WORK TO COMPLETE - Please restate the data that follows, leaving every word in place.

Records drawn from a dataset:
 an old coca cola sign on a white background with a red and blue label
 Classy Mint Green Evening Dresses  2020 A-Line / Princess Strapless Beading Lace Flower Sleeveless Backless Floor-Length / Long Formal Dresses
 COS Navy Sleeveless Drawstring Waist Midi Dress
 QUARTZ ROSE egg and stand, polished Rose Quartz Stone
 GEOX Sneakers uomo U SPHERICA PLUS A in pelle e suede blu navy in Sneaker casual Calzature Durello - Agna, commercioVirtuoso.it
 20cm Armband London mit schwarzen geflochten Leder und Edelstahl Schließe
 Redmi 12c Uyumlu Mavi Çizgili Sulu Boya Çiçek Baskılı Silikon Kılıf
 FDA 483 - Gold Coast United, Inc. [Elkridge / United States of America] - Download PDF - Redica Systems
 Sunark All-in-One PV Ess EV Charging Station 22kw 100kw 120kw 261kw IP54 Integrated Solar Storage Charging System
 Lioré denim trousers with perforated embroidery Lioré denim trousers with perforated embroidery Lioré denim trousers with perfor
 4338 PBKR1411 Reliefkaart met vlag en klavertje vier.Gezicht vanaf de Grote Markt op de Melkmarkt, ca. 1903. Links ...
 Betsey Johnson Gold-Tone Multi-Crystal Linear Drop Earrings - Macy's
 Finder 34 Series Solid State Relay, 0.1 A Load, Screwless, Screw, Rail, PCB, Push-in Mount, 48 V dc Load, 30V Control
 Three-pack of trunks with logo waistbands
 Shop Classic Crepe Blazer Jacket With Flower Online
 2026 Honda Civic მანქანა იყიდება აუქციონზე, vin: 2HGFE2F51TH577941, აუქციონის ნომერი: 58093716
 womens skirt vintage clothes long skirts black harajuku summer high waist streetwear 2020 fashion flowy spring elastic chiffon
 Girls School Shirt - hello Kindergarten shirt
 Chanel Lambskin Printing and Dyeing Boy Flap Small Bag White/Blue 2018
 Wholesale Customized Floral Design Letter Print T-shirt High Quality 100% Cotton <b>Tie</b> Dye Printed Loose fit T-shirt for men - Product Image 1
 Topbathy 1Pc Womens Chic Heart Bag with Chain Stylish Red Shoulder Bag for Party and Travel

EXERCISE ANSWER -
 an old coca cola sign on a white background with a red and blue label
 Classy Mint Green Evening Dresses  2020 A-Line / Princess Strapless Beading Lace Flower Sleeveless Backless Floor-Length / Long Formal Dresses
 COS Navy Sleeveless Drawstring Waist Midi Dress
 QUARTZ ROSE egg and stand, polished Rose Quartz Stone
 GEOX Sneakers uomo U SPHERICA PLUS A in pelle e suede blu navy in Sneaker casual Calzature Durello - Agna, commercioVirtuoso.it
 20cm Armband London mit schwarzen geflochten Leder und Edelstahl Schließe
 Redmi 12c Uyumlu Mavi Çizgili Sulu Boya Çiçek Baskılı Silikon Kılıf
 FDA 483 - Gold Coast United, Inc. [Elkridge / United States of America] - Download PDF - Redica Systems
 Sunark All-in-One PV Ess EV Charging Station 22kw 100kw 120kw 261kw IP54 Integrated Solar Storage Charging System
 Lioré denim trousers with perforated embroidery Lioré denim trousers with perforated embroidery Lioré denim trousers with perfor
 4338 PBKR1411 Reliefkaart met vlag en klavertje vier.Gezicht vanaf de Grote Markt op de Melkmarkt, ca. 1903. Links ...
 Betsey Johnson Gold-Tone Multi-Crystal Linear Drop Earrings - Macy's
 Finder 34 Series Solid State Relay, 0.1 A Load, Screwless, Screw, Rail, PCB, Push-in Mount, 48 V dc Load, 30V Control
 Three-pack of trunks with logo waistbands
 Shop Classic Crepe Blazer Jacket With Flower Online
 2026 Honda Civic მანქანა იყიდება აუქციონზე, vin: 2HGFE2F51TH577941, აუქციონის ნომერი: 58093716
 womens skirt vintage clothes long skirts black harajuku summer high waist streetwear 2020 fashion flowy spring elastic chiffon
 Girls School Shirt - hello Kindergarten shirt
 Chanel Lambskin Printing and Dyeing Boy Flap Small Bag White/Blue 2018
 Wholesale Customized Floral Design Letter Print T-shirt High Quality 100% Cotton <b>Tie</b> Dye Printed Loose fit T-shirt for men - Product Image 1
 Topbathy 1Pc Womens Chic Heart Bag with Chain Stylish Red Shoulder Bag for Party and Travel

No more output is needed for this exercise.